▸ **Problem details**
Every picture should be left out, but the lines below must be repeated exactly.

▸ **Data provided**
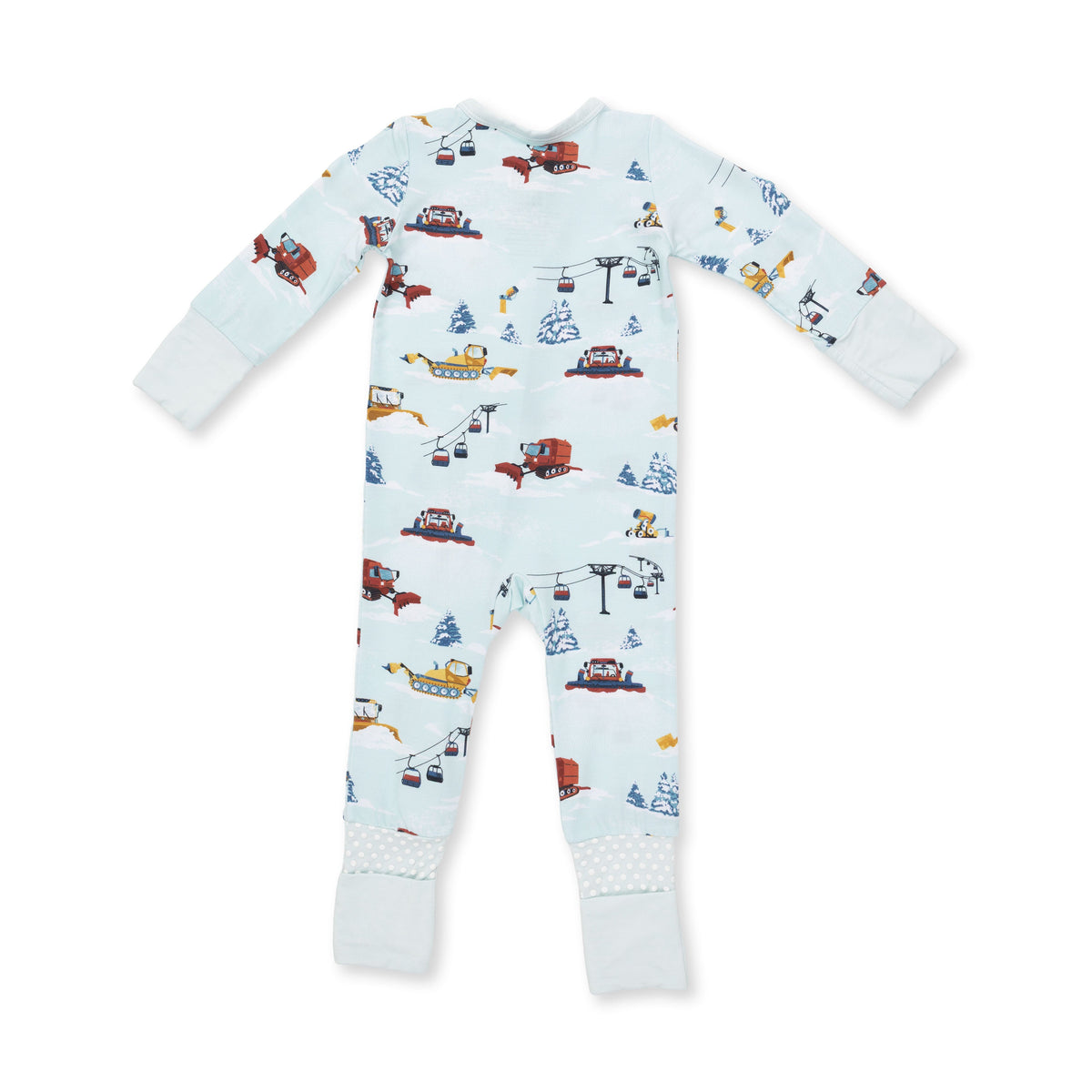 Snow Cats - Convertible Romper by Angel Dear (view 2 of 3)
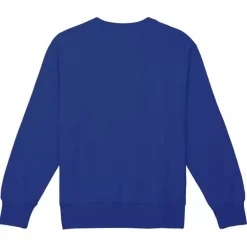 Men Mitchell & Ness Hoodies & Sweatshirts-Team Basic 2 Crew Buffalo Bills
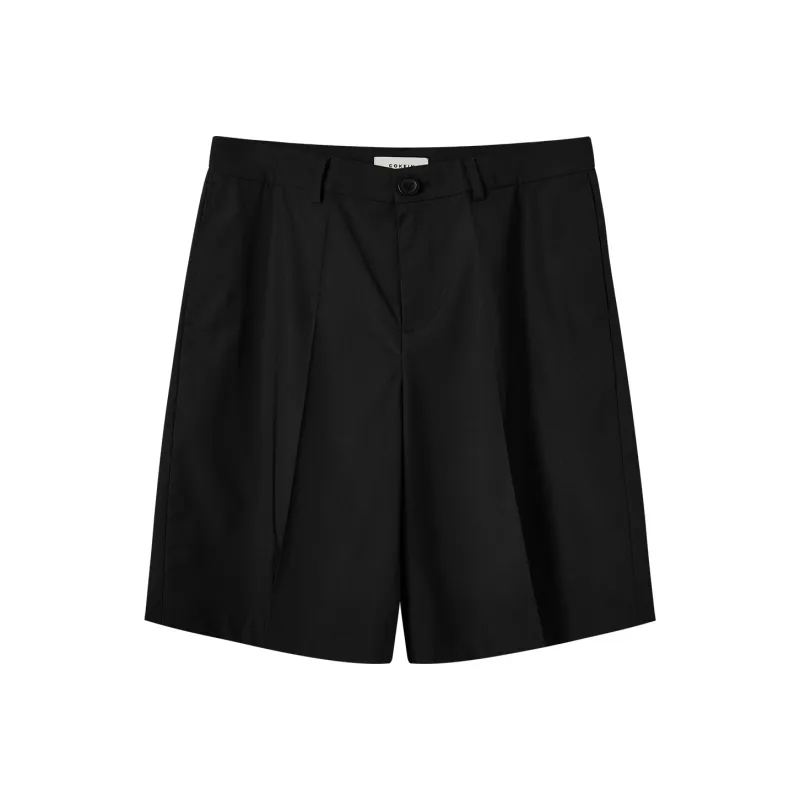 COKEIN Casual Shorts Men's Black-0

▸ **Task result**
 Snow Cats - Convertible Romper by Angel Dear (view 2 of 3)
 Men Mitchell & Ness Hoodies & Sweatshirts-Team Basic 2 Crew Buffalo Bills
 COKEIN Casual Shorts Men's Black-0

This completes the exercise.